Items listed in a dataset

· · · · · · ·

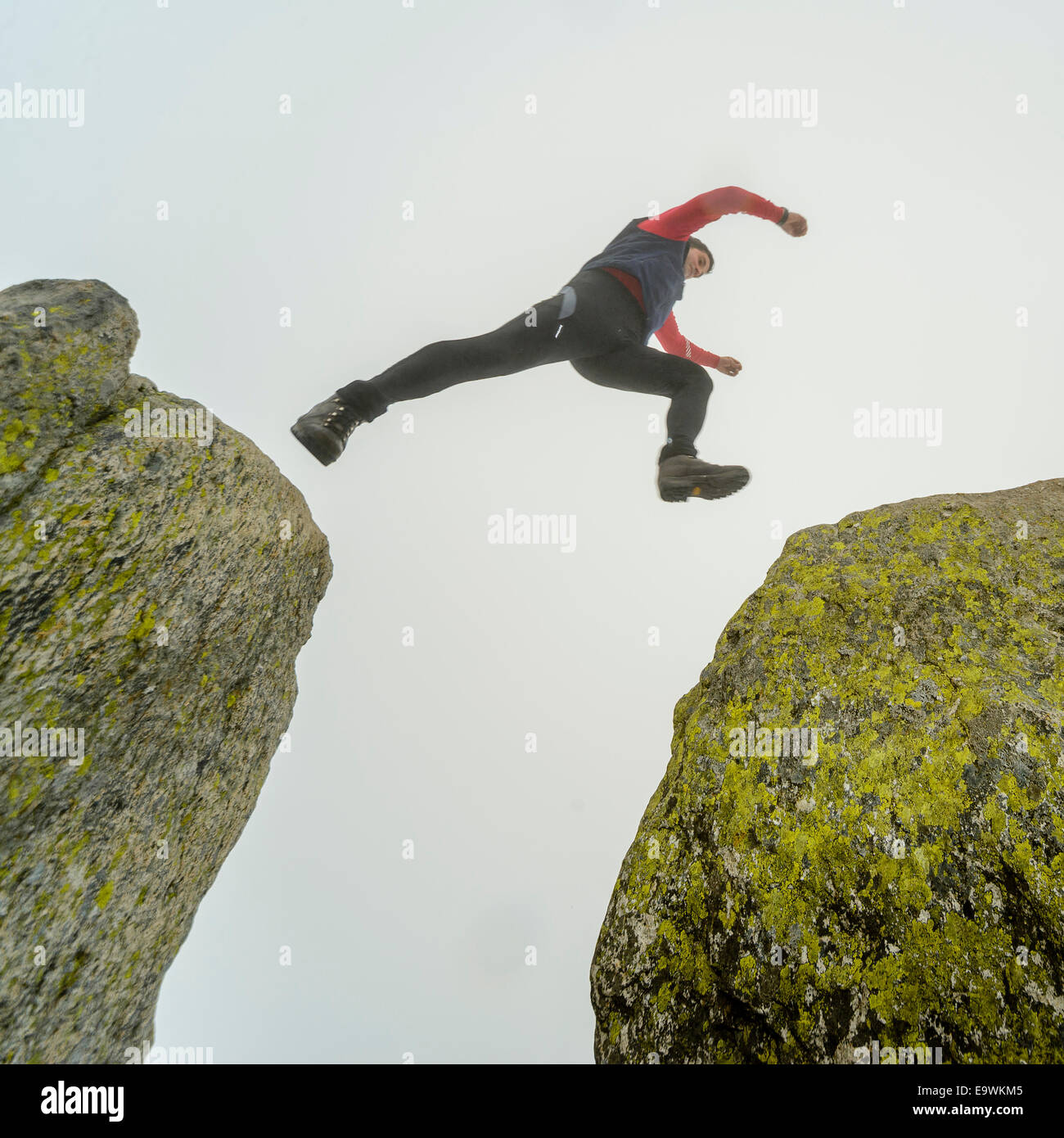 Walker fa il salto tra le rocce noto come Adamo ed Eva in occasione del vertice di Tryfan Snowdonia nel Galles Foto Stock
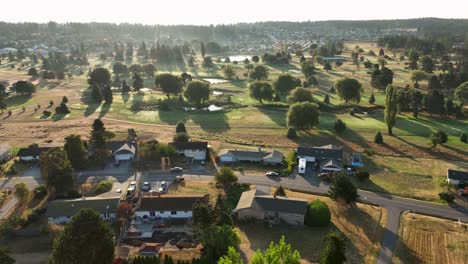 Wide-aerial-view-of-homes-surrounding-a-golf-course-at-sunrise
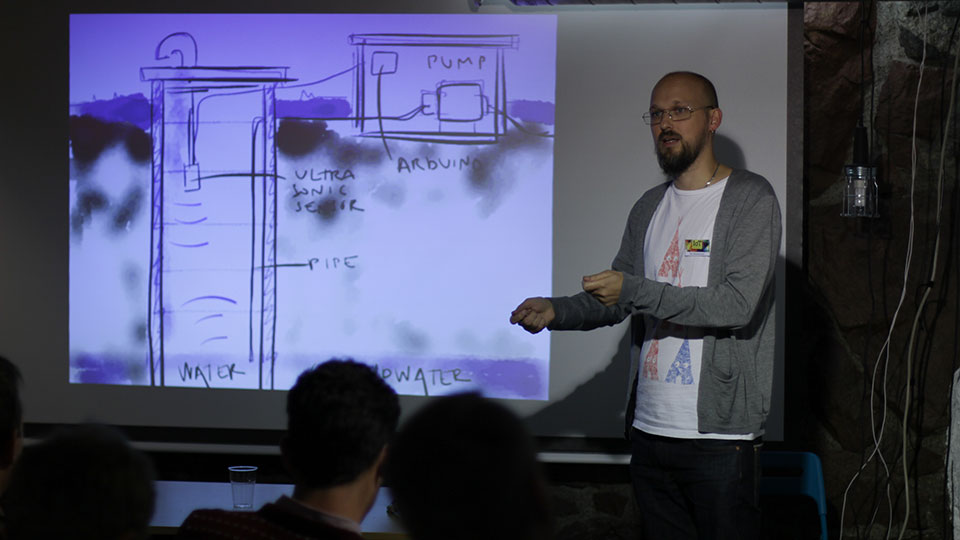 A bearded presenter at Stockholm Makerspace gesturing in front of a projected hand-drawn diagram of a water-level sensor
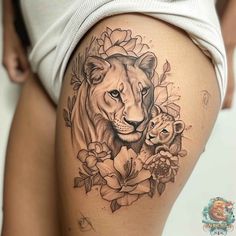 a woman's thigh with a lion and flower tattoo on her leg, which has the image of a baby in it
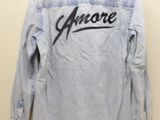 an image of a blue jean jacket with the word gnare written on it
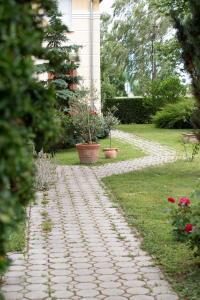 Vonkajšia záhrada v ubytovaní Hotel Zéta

· · · · · · ·

* EXERCISE DETAILS *
Every record, word for word, should be given back without its pictures.

* OUTPUT OF THE TASK *
 Walker fa il salto tra le rocce noto come Adamo ed Eva in occasione del vertice di Tryfan Snowdonia nel Galles Foto Stock
 Wide-aerial-view-of-homes-surrounding-a-golf-course-at-sunrise
 A bearded presenter at Stockholm Makerspace gesturing in front of a projected hand-drawn diagram of a water-level sensor
 a woman's thigh with a lion and flower tattoo on her leg, which has the image of a baby in it
 an image of a blue jean jacket with the word gnare written on it
 Vonkajšia záhrada v ubytovaní Hotel Zéta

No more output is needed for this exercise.